Retype the lines below exactly, but only those from the line that has "سوريا: ضبط شحنات" through the line that has "62 Elderwood Dr". Omit every picture.

» Exercise data
• • • • • • •

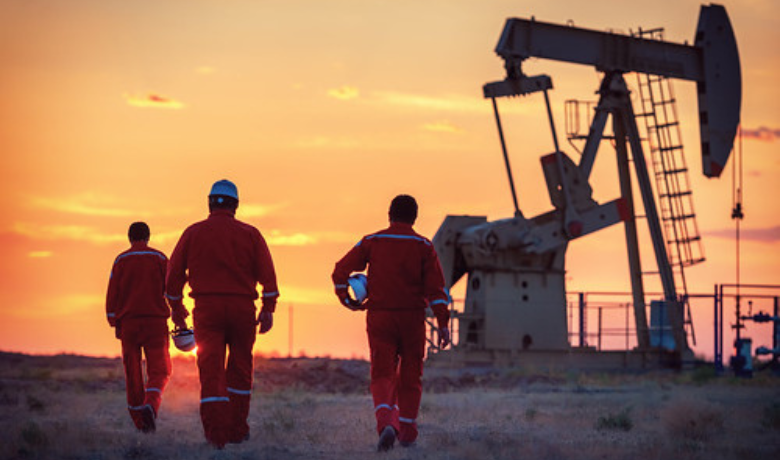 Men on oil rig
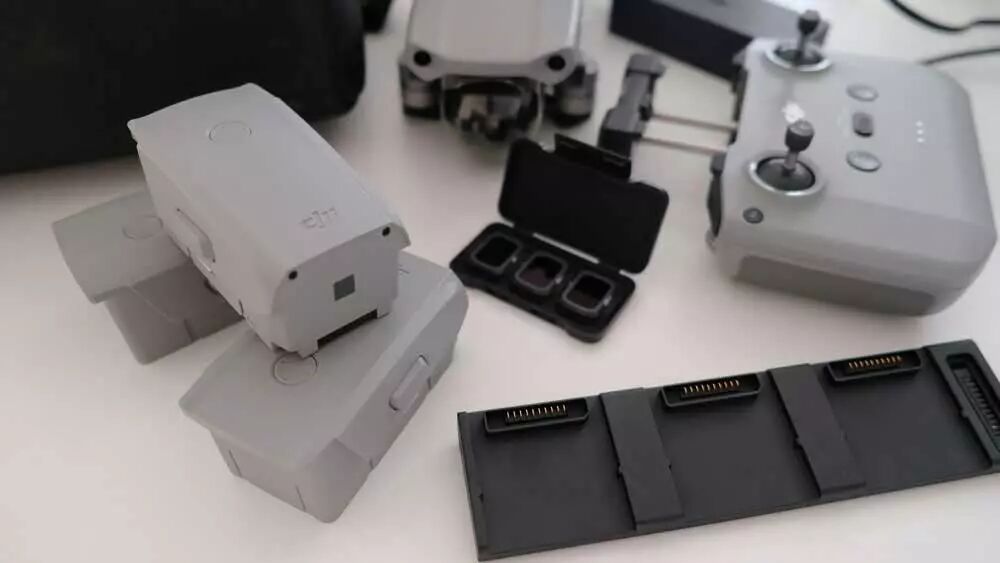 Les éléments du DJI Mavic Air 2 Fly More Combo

• • • • • • •

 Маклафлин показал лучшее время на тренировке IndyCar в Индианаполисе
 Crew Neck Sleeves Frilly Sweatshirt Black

• • • • • • •

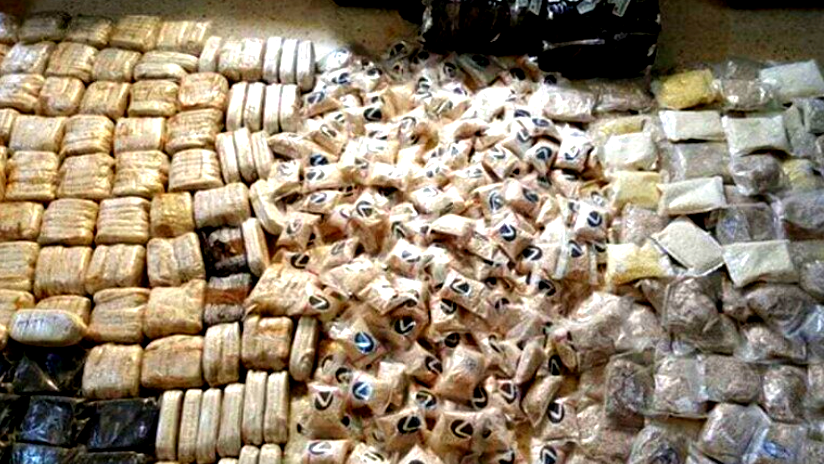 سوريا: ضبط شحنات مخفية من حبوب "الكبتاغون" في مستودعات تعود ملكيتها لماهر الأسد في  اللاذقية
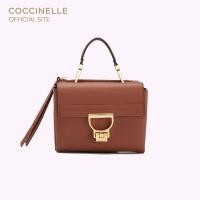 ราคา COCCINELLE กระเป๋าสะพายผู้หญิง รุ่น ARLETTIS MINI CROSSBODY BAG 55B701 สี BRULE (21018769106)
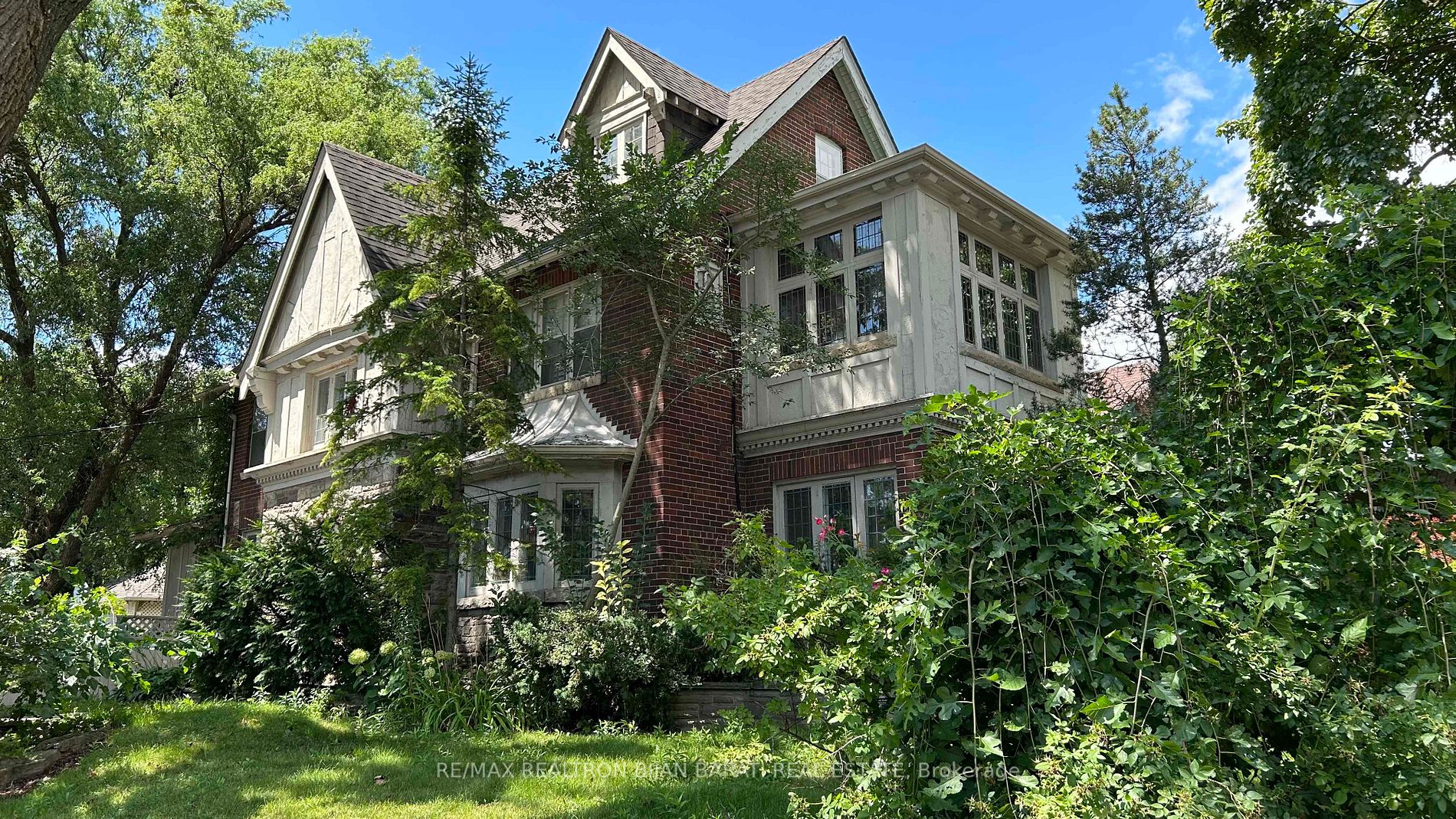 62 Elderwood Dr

• • • • • • •

» Response to this exercise
 سوريا: ضبط شحنات مخفية من حبوب "الكبتاغون" في مستودعات تعود ملكيتها لماهر الأسد في  اللاذقية
 ราคา COCCINELLE กระเป๋าสะพายผู้หญิง รุ่น ARLETTIS MINI CROSSBODY BAG 55B701 สี BRULE (21018769106)
 62 Elderwood Dr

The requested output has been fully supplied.